* TASK STATEMENT
Give back the lines below exactly, but do not include any pictures.

* INPUT DATA

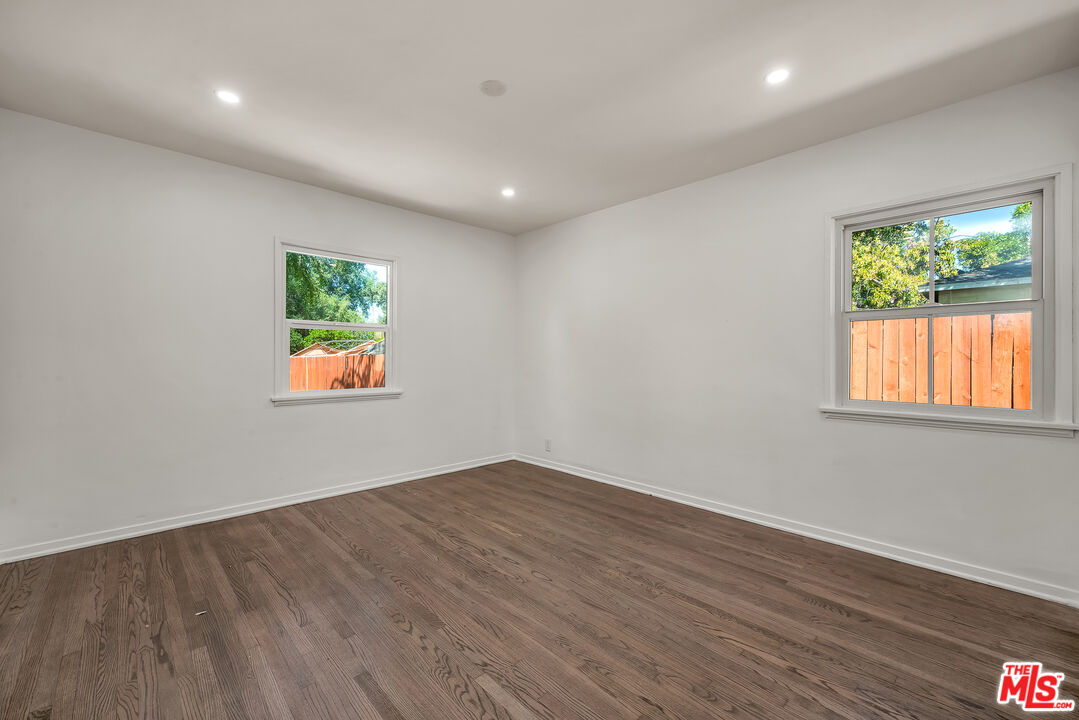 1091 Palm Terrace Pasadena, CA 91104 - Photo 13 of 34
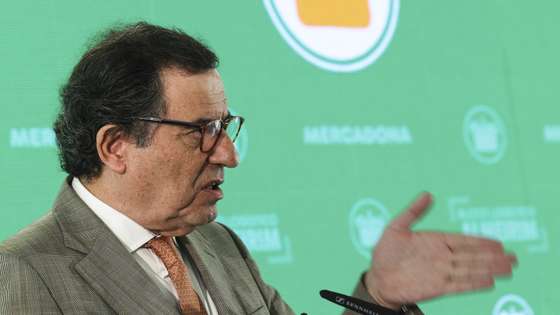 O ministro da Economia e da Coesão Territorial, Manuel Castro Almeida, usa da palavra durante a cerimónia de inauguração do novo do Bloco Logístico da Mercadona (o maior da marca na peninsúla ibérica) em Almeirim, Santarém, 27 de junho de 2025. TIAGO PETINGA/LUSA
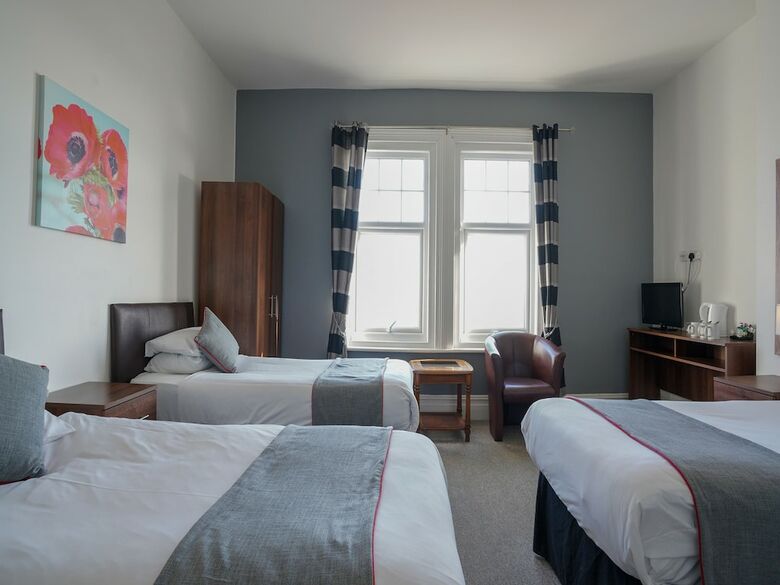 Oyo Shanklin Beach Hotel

* ANSWER SPACE
 1091 Palm Terrace Pasadena, CA 91104 - Photo 13 of 34
 O ministro da Economia e da Coesão Territorial, Manuel Castro Almeida, usa da palavra durante a cerimónia de inauguração do novo do Bloco Logístico da Mercadona (o maior da marca na peninsúla ibérica) em Almeirim, Santarém, 27 de junho de 2025. TIAGO PETINGA/LUSA
 Oyo Shanklin Beach Hotel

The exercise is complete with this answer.